Page, 40, was a failed soldier who played in white supremacist heavy metal bands with names such as Definite Hate and End Apathy.
He was a former US Army psychological operations specialist who served between April 1992 and October 1998, before he was discharged at Fort Bragg, North Carolina, for "patterns of misconduct".
The Southern Poverty Law Centre, a non-profit civil rights organisation, described him as a "frustrated neo-Nazi".
He wrote frequently on white supremacist websites, describing himself as a member of the "Hammerskins Nation" - a skinhead group rooted in Texas that has offshoots in Australia and Canada, according to the Maryland based intelligence firm SITE.
As a "psy-ops" specialist, Page would have trained to host public meetings between locals and American forces, use leaflet campaigns in a conflict zone or use loudspeakers to communicate with enemy soldiers.
He never deployed overseas in that role, Army spokesman George Wright said.
Special Agent Teresa Carlson, head of the FBI's Milwaukee field office, said Page was the subject of a "domestic terrorism" probe.
He said: "We are looking at ties to white supremacist groups.
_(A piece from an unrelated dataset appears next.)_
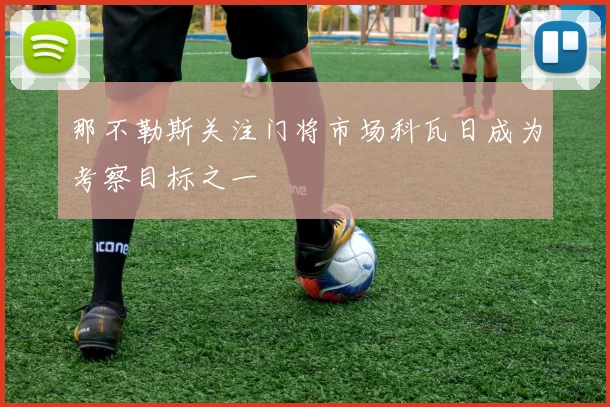 那不勒斯关注门将市场科瓦日成为考察目标之一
We did not have an investigation on him before yesterday.
"No law enforcement agency had any reason to believe he was plotting anything."
Online records show Page had a brief criminal history in other states, including pleading guilty to misdemeanour criminal mischief after a 1994 arrest in El Paso, Texas. He received six months' probation.
Page also pleaded guilty to driving under the influence in Colorado in 1999 but never completed a sentence that included alcohol treatment, records show.
He was arrested on suspicion of drunk driving again in 2010 in North Carolina after running his car off the side of a highway. The case was dropped a year later for lack of evidence, according to court records.